What is Joji's music about?
He's only asking permission to keep suffering. Every song is a negotiation about how long he gets to stay broken about you, like emotional pain is a lease he needs renewed. 'Don't be down when it's over' from 'Your Man' packages the abandonment into the promise itself. He's not trying to fix anything. He's securing the right to stay ruined.
What themes does Joji write about?
Love only exists in past tense or as someone else's action — Across 16 songs, he almost never says 'I love you' in present declarative form. Instead: 'Have you ever loved?' in 'Your Man,' 'loves me' in 'Like You Do,' 'loving in pain' in 'Tick Tock.' The word appears as history, as verb, as something done to him. Never as his current claim on another person. This might be a reach, but I think the absence is the point. If he can't say it in present tense, he can't be held to it.
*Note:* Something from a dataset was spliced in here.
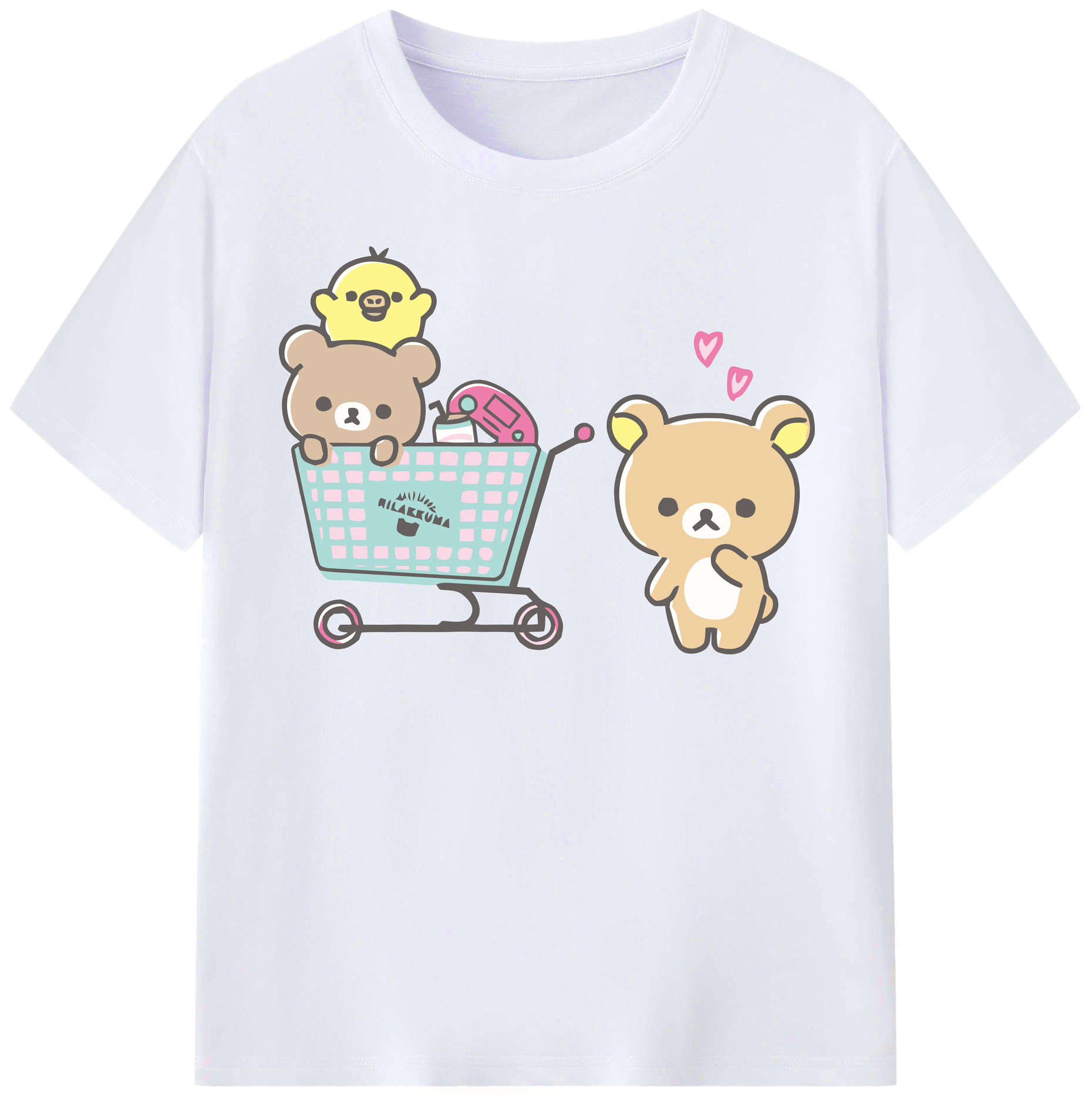 （画像用） リラックマ リラックマ キイロイトリ Rilakkuma Korilakkuma Kiiroitori レディースカジュアルプリントTシャツ（綿100％）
The contradiction is the song's actual subject — 'Hard to think about you anymore' immediately followed by 'But I keep you in my mind always' in 'XNXX' happens within five seconds. These aren't verse-to-chorus contradictions or album-arc evolutions. They're the temporal collapse of trying to hold a single thought about someone without its opposite immediately appearing. The song isn't about wanting distance. It's about the impossibility of holding 'stay away' in his mind without 'keep you in my mind always' showing up uninvited.
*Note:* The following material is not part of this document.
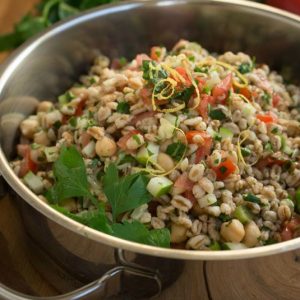 Farro Tabouli with Chickpeas and Tomatoes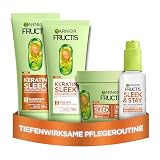 Garnier Fructis Keratin Sleek Haarpflegeset mit Shampoo, Spülung, Haarmaske und...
He builds the alibi before he disappears — 'If you never hear from me, all the satellites are down' from 'PIXELATED KISSES' is a pre-emptive excuse offered before he's even gone silent. The conditional 'if' makes this future tense, meaning he's already planning the disappearance he's blaming on infrastructure. 'Your Man' does the same thing: 'Don't be down when it's over' packages abandonment into the promise of presence. The apology arrives with the injury still attached.
Casual phrasing for maximum damage — He apologizes for the 'mix-up' in 'Tick Tock' like he double-booked lunch, not destroyed a relationship. 'It's not that serious' appears in 'Sojourn,' a song invoking death and reincarnation. 'Can you stick around for a minute' asks for everything while pretending to ask for almost nothing. The minimizing language is where the violence hides. He cannot take responsibility for the end without immediately shrinking it into something manageable.
New partners described as perfect and insufficient — 'I'm only here passing time in her arms' while 'hoping I'll find a glimpse of us' turns the present relationship into a research project about the previous one. She's 'perfect' in the same breath as not enough. The problem isn't that the new person is flawed. It's that even their flawlessness can't compete with a memory. He's not looking for someone better than his ex. He's proving no one can be.
What makes Joji's writing unique?
The women in these songs never speak, never get quoted, never respond. Every breakup song is actually a monologue where he's arguing with a version of them he's constructed. The absence of her voice might be the most honest thing in the catalog because it admits she's not actually part of this conversation anymore. If she ever was.